TEMPO.CO, Pacitan - Dua perempuan berkewarganegaraan asing muncul dari tepi Samudera Hindia. Tubuh dan bikini yang mereka kenakan tampak basah. Kedua perempuan berkulit putih itu dengan santai berjalan lalu duduk di bibir pantai hanya beralaskan pasir putih.
Pantai Watukarang di Desa Watukarung, Kecamatan Pringkuku, Kabupaten Pacitan, Jawa Timur, Jumat siang, 19 Agustus 2016, itu dipenuhi orang-orang asing. Desa itu berjarak sekitar 25 kilometer di sisi barat Kota Pacitan. Selain kedua perempuan asing tadi, turis mancanegara lainnya juga terlihat berjemur melawan teriknya matahari.
Sebagian tampak mengenakan bikini. ‘’Tempat ini indah apalagi saat ada ombak besar,’’ kata Steve salah seorang turis asing dalam bahasa Inggris.
Ombak dengan tipe reef break dan dasar laut berupa batu karang menjadi daya tarik Pantai Watukarung bagi peselancar internasional. Mereka berdatangan mulai 2007. Keindahannya tersebar lewat jejaring sosial antar peselancar lokal dan luar negeri. Bruce Irons, juara Rip Curl Search 2008, sempat menjajal ombak di pantai tersebut.
Sejak saat itu, Pantai Watukarung kian populer di kalangan surfer luar negeri. Mereka datang dari Prancis, Amerika Serikat, Australia, dan Spanyol. ‘’Mereka (surfer) biasanya ramai datang ke sini pada April sampai Oktober saat ombaknya besar. Ombak di sini dikenal memiliki dua arah gelombang,’’ ujar Rumsetiasih salah seorang warga desa.
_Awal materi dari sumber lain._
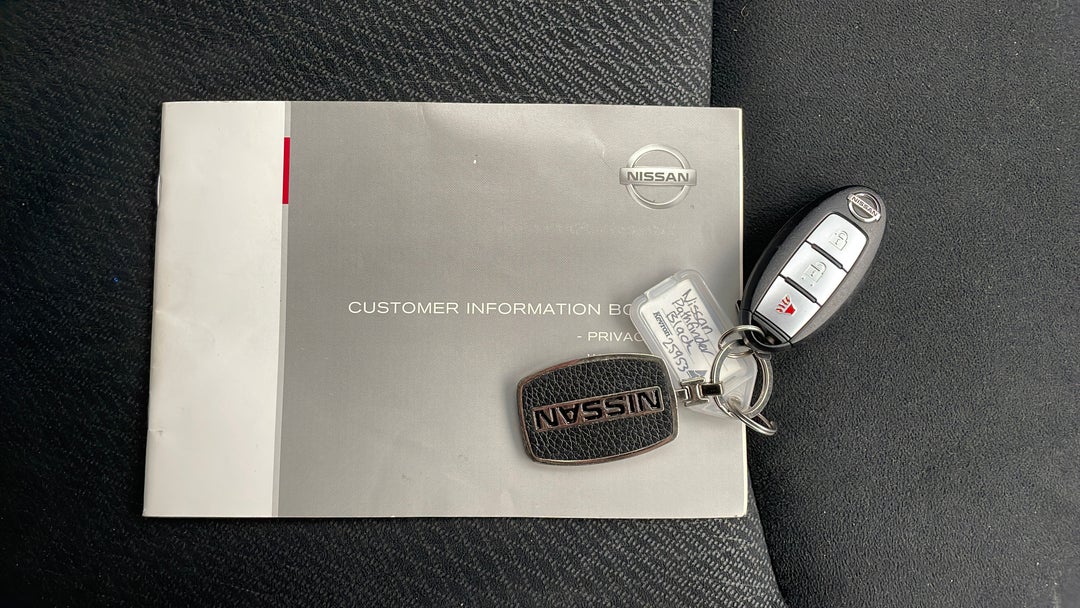 2016 Nissan Pathfinder St (4x2), Automatic, 111093 km, Key Close-up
Kedatangan peselancar asing berdampak pada peningkatan ekonomi warga desa. Menurut Asih, panggilan Rumsetiasih, sejumlah warga desa membuka warung untuk menjajakan makanan dan minuman di kawasan pantai. Hasil kerajinan batik setempat juga ditawarkan di sejumlah kios milik warga.
Selain itu, Asih melanjutkan, sejumlah pengusaha telah mendirikan 21 homestay. Pemiliknya bahkan orang asing yang meminjam nama orang Indonesia untuk membeli tanah. Berdasarkan data dari Badan Penanaman Modal dan Pelayanan Perizinan Pacitan pemodal asing itu menjalankan usaha penginapan dan peralatan surfing.
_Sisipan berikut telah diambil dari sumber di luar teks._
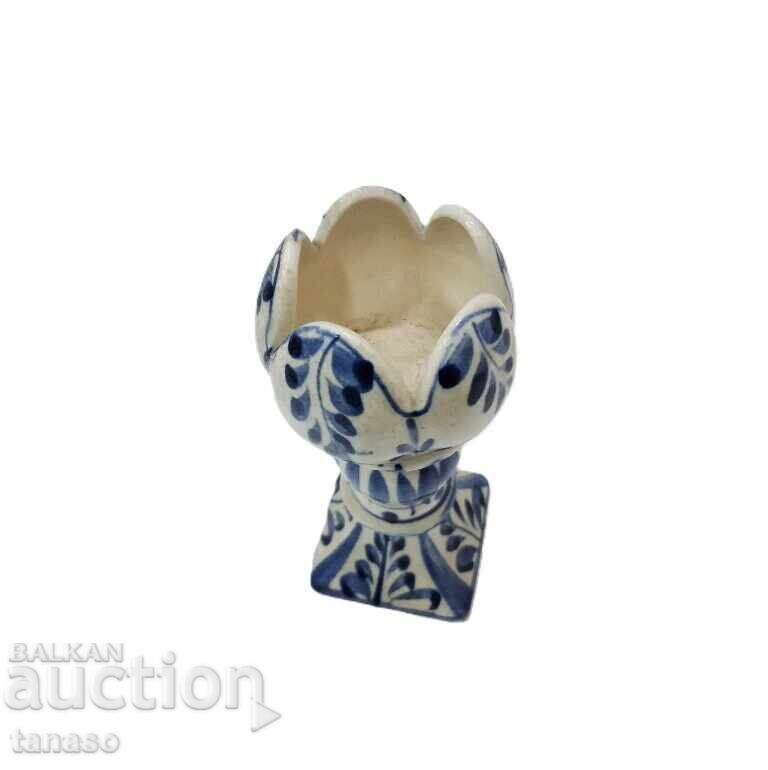 Livrarea Sfeșnic din ceramică în formă de lalea (2.2) Livrarea Sfeșnic din ceramică în formă de lalea (2.2)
Masuknya penanam modal asing mampu membuka lapangan kerja baru dan mengangkat nama Pantai Watukarung. ‘’Sekarang (Pantai Watukarung) lebih terkenal sebagai lokasi wisata. Kalau dulu hanya dikenal sebagai tempat pelelangan ikan,’’ ucap Asih yang juga memiliki penginaan di sana.
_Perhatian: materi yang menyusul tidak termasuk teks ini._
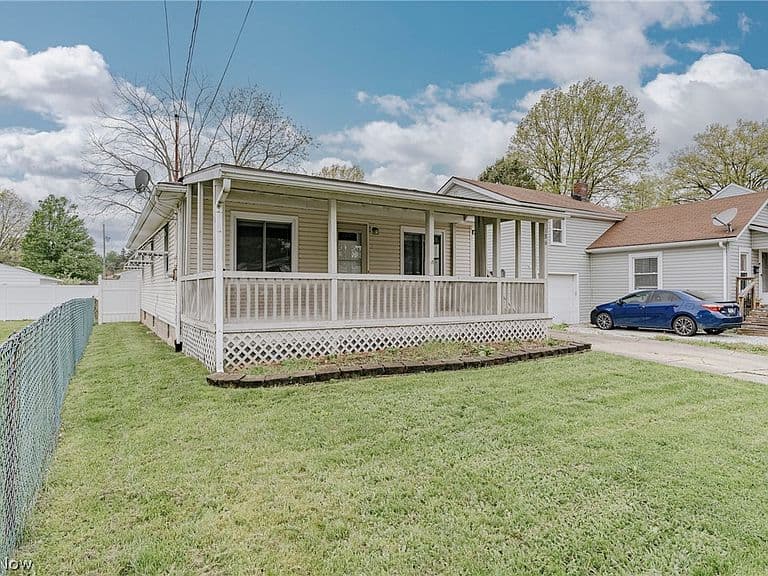 Listing photo 2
Di saat roda perekonomian di kawasan wisata itu mulai berjalan kencang, warga desa harus dihadapkan sesuatu yang membuat risih. Asih kerapkali mengelus dada ketika melihat sepasang turis asing berciuman mesra di warung makan.
Dia tidak kuasa menegur mereka karena hal itu dianggap sudah menjadi budaya mereka. ‘’Bukan porsi saya (untuk menegur), ya kalau mereka bisa menerima,’’ ujar dia.
Selain itu, Asih dan warga lain seringkali melihat perempuan asing hanya mengenakan bikini di luar bibir pantai. Bahkan, si perempuan itu juga masuk ke perkampungan. Asih mengkhawatirkan fenomena itu akan berdampak negatif bagi anak-anak yang melihat.
Kepala Desa Watukarung Wiwid Pheni Dwiantani, mengatakan untuk menghindari dampak negatif dari perkembangan pariwisata pihaknya telah menjalankan beberapa langkah. Kelompok Sadar Wisata (Pokdarwis) bersama pemerintah desa telah memasang beberapa rambu larangan bagi turis mengenakan bikini di luar bibir pantai. ‘’Bikini hanya boleh dipakai di titik-titik khusus seperti di lokasi yang terhalang pohon cemara,’’ kata Wiwid.
Selain itu, pihak pemerintah desa juga mulai memperketat pendataan wisatawan asing. Pengelola homestay diwajibkan memberikan laporan data para pengunjungnya ke perangkat desa. Pengawasan juga dilakukan secara intens. Ini supaya bikini tetap bisa dipakai, namun Pantai Watukarang tetap populer dan kesejahteraan masyarakat meningkat.